Quotes worth remembering
"LLM/BO hybrids outperform BO-only approaches, particularly in early-stage exploration where the search is warm-started by LLM-driven hypotheses."
"Among the models tested, o3 delivered the strongest and most consistent optimisation performance after 150 experiments. LLM-only optimisations without the BO component also matched or surpassed hybrid methods in some settings."
"The strongest LLM-only performance was observed with a batch size of one, suggesting that experiment-by-experiment machine reasoning is a viable strategy for certain automated scientific optimisation tasks."

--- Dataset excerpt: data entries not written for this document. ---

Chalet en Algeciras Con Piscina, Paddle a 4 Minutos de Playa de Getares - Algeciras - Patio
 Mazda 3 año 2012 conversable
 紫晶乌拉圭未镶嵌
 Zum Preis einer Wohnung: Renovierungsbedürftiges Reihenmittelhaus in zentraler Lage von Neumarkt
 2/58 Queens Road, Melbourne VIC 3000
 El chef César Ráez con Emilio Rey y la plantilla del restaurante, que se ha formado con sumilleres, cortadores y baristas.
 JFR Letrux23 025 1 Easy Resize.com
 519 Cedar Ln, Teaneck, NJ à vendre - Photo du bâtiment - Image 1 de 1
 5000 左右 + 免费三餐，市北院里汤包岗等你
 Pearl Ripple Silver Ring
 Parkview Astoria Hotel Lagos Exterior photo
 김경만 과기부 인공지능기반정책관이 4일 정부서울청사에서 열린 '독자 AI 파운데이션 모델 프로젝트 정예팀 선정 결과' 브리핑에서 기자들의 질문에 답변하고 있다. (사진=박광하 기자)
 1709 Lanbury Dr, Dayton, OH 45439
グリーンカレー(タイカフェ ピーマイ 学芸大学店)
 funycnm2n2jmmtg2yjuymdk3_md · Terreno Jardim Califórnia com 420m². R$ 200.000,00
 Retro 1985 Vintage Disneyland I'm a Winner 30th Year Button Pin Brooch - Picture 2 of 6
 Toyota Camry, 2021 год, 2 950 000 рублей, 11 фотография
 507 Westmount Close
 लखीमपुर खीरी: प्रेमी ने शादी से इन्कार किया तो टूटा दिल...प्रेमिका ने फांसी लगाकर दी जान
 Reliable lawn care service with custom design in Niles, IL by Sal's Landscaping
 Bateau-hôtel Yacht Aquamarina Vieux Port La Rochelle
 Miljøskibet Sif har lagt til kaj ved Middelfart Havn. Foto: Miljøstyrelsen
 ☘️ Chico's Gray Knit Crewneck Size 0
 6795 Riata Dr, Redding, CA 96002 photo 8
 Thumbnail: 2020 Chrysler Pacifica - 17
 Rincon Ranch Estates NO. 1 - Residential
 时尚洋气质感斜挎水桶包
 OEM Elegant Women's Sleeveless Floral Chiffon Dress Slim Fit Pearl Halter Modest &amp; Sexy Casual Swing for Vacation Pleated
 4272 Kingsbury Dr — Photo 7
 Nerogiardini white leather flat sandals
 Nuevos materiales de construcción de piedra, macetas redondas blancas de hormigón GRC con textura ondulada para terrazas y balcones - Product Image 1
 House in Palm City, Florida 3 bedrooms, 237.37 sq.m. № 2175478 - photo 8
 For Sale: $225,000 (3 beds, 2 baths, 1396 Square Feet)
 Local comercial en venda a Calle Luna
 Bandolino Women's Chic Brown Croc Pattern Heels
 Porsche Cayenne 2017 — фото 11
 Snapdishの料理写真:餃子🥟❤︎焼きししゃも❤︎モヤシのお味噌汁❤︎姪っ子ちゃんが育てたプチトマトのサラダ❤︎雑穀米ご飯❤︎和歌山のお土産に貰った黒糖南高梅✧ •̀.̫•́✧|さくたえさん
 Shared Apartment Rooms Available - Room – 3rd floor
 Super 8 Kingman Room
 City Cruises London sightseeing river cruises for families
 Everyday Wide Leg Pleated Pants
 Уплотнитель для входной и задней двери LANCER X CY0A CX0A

Bottom line for the GOLLuM startup thesis

The most uncomfortable paper in the folder. Same problem space as GOLLuM, different architecture, posted three months before the evaluation. The headline finding — o3-only beats o3/BO hybrid on both benchmarks — is the worst-case scenario for any team betting that the BO scaffold is the durable moat. Counterweights: these are simulations, not real wet-lab campaigns; calibrated uncertainty still matters when stakes are high; o3-class economics are expensive at scale (~$10-100 per experiment in API costs vs one-time LoRA finetune). GOLLuM still wins on interpretability, on cost-per-iteration, and on principled uncertainty. But the gap is narrower than it looked a year ago and is narrowing further. Worth tracking this group, this paper, and o-class model improvements closely if the startup decision is yes.